CHE releases full LLB review

June 1st, 2017
x
Bookmark

Mapula Sedutla – Editor

The Council on Higher Education (CHE) has released the full report on the National Review of the Bachelor of Laws programme. The 358 page report, which was circulated by Parliament, details the mechanism used to review the 17 institutions that offer the LLB degree in South Africa. The report, inter alia, provides reasoning behind the CHE’s decision to furnish four universities with a notice of withdrawal of accreditation if the quality of their LLB programme does not improve.
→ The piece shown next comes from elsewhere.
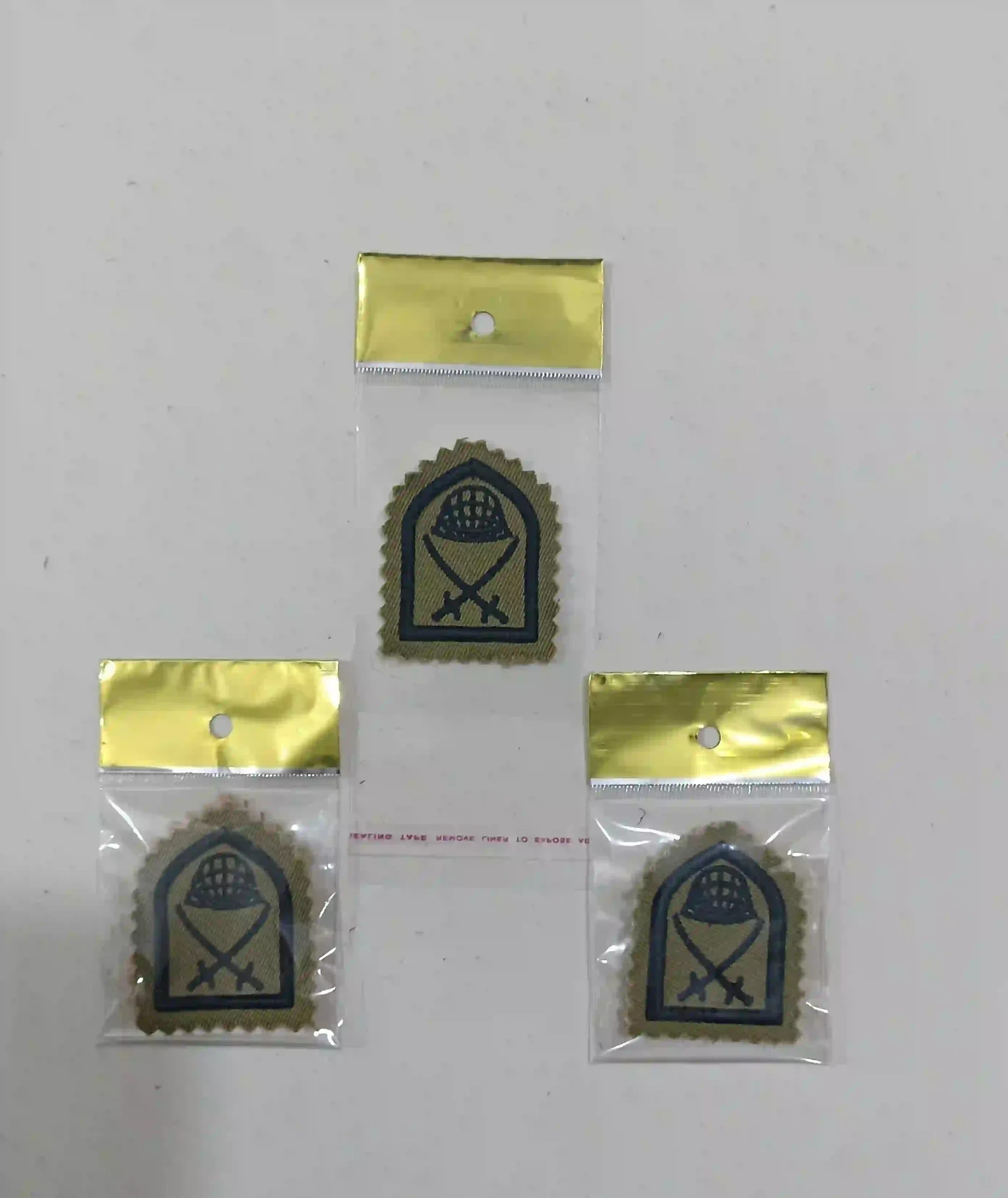 raste_piade_sepah_nakh_meshki_parche_khaki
The four universities – North-West University, Walter Sisulu University, University of South Africa and University of the Free State – were given until early October to report on progress made and to explain what plans will be made for the future (see p 10). Below are the reasons specified by the CHE for the notice of withdrawal of accreditations.

North-West University

  • There is significant evidence of inequity between the two sites of delivery, in terms of access; provision of curriculum delivery, teaching, learning and assessment; the profiles of staff in respect of seniority, qualifications and scholarly reputation; the quality assurance of the programme; articulation between the sites; infrastructure; and other learning resources. Institutional restructuring aimed at addressing such issues has not yet manifested itself in the faculty of law.
  • There is a lack of substantive integration, in the programme as a whole as well as on the Potchefstroom campus, between students of different racial groups, and a sense of alienation felt by students of particular groups.
  • Relatively low admission requirements are not, throughout the programme, supplemented with adequate student support.

Walter Sisulu University

  • The programme fails to demonstrate adequate vertical alignment across years of study, or progression through advancing levels of complexity. The content of many modules is not fit for the purpose of educating a well-rounded law graduate, and there is little evidence of any recent updating of content and related case law.
  • There is a lack in the programme of adequate senior staff members to provide it with academic leadership and ensure quality. The majority of staff members have the LLB as highest qualification. The programme lacks an adequate workload model to ensure equitable and effective teaching and assessment across the programme.
  • There are few development opportunities available for administrative staff in the faculty.
  • Teaching and learning resources are inadequate, impacting negatively on the achievement of the intended outcomes of the qualification.
  • There is inadequate alignment between the curriculum, teaching, learning and assessment. Evidence of assessment provides little indication of attention to the development of critical engagement, analysis and problem-solving skills. Formative assessment feedback is irregular, and student course evaluations are not done consistently.
  • The programme lacks formal structures that would enable effective programme coordination and leadership. There is little evidence of collaboration in the development and delivery of the programme. This affects staff morale, indicated by non-delivery or re-scheduling of lectures that disrupts students’ planning and organisation.
  • Student attrition rate is high, and the on-time graduation rate is low, yet there is little evidence of formal tracking and monitoring of student performance with a view to improvement.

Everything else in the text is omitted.